Paying and protecting those who manage
In order to attract the best internal candidates for positions of management, firms are finding that they at least have to match the compensation of top equity partners and in some cases to supplement it.
The financial cost of losing a partner from fee earning can be extremely high. In addition to the direct financial replacement costs, such as recruitment fees, the intangible costs at partner level should not be under-estimated. Core skills, knowledge and experience can be difficult to replace, and the extraction from a team of a key partner can threaten stability, morale and growth internally. Externally, key client relationships can also be put at risk. In addition, the loss of team or departmental management or leadership skills can create long-term problems.
Against all these expenses, the huge advantages of an internal appointment have to be weighed. The risk to the business in appointing an unknown outsider is, after all, considerable.
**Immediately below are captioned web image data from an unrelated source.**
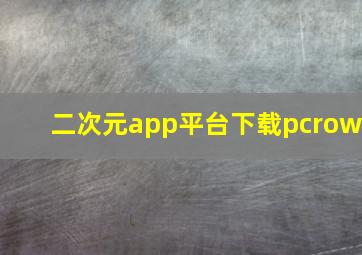 二次元app平台下载pcrow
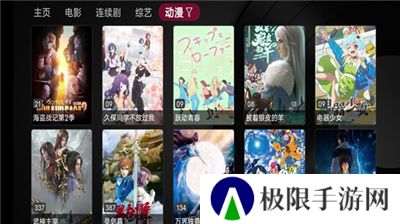 小苹果影视tv电视版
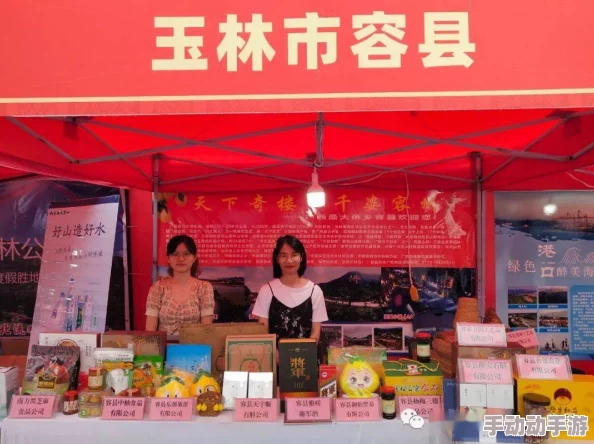 《问剑长生》轮换活动值得参加吗？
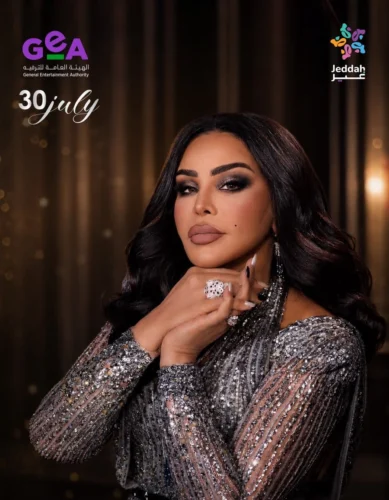 الفنانة أحلام تعود إلى جمهور جدة بحفل يقوده المايسترو وليد فايد في عبادي الجوهر أرينا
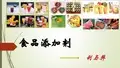 食品添加剂利与弊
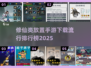 修仙类放置手游🔥2025流行排行榜✨哪里下载？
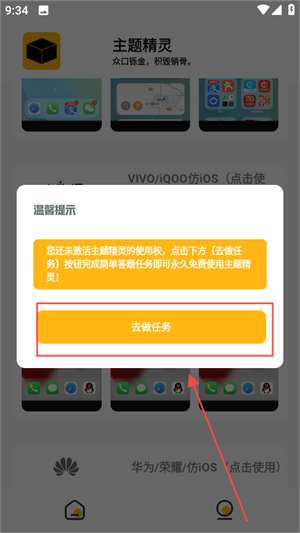 常川主題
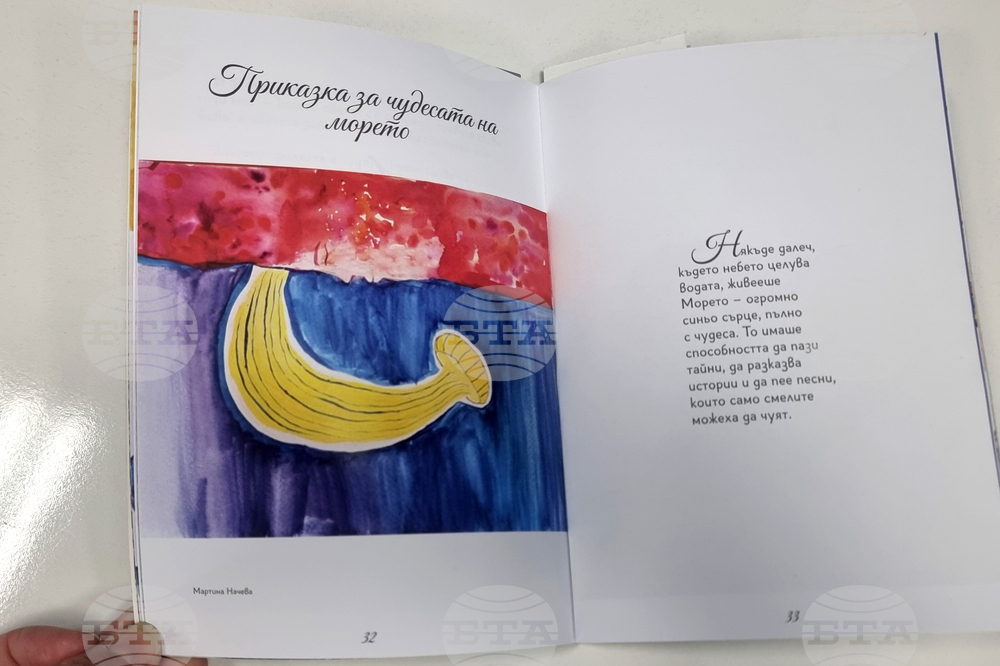 Национален пресклуб на БТА Плевен - Ралица Енчева - книга за деца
Unlike an internal appointee, the external appointee will need to take time to understand the firm’s culture and behavioural characteristics. He or she will have to gain intimate knowledge of the dynamics of the business, its history, and its strengths and witnesses. Whilst the external appointee will bring objectivity, lateral thinking and advanced management competencies, he or she will have to earn the respect of the partnership, particularly after the honeymoon period is over. In contrast and from day one, the internal appointee will understand intimately the dynamics and politics of the Partnership, and will have detailed industry, market place and competitor knowledge. The internal appointee will also know the firm’s strengths and the opportunities to be exploited as well as being acutely aware of the firm’s weaknesses and the threats and challenges which need to be addressed.
It is somewhat easier to gain a balance between all these factors both culturally and economically in firms which have a lockstep background than in firms which have relied on individual fee-earning performance. Having said that, many firms are managing to provide fair packages for their managing partners and group heads that combine personal measurable performance related objectives with the attainment of group and firm objectives. It is however sometimes difficult to reward (or at least protect from penalty) the managing partner whose excellent work is let down by the rest of the firm or a group of underperforming teams and partners over whom the managing partner’s impact will be seen in the long term rather than in the current year’s profits.
The ultimate cost of re-integrating the managing partner at the end of his term of office must also be factored in, and some security has to be given as otherwise partners will not be attracted to take up the role of managing partner. This will involve re-training and the rebuilding of a client base, and the ex-Managing Partner’s remuneration and compensation arrangements should be protected for a reasonable period whilst this takes place. The ultimate cost of this should be taken into account from the outset of the appointment. Many firms are allowing at least a two or three year period for this protected re-integration. The exit package should also recognise the possibility that the ex-Managing Partner may no longer wish to return to full time fee-earning at the end of his or her term of office, and provision should be made for the possibility of an alternative career plan.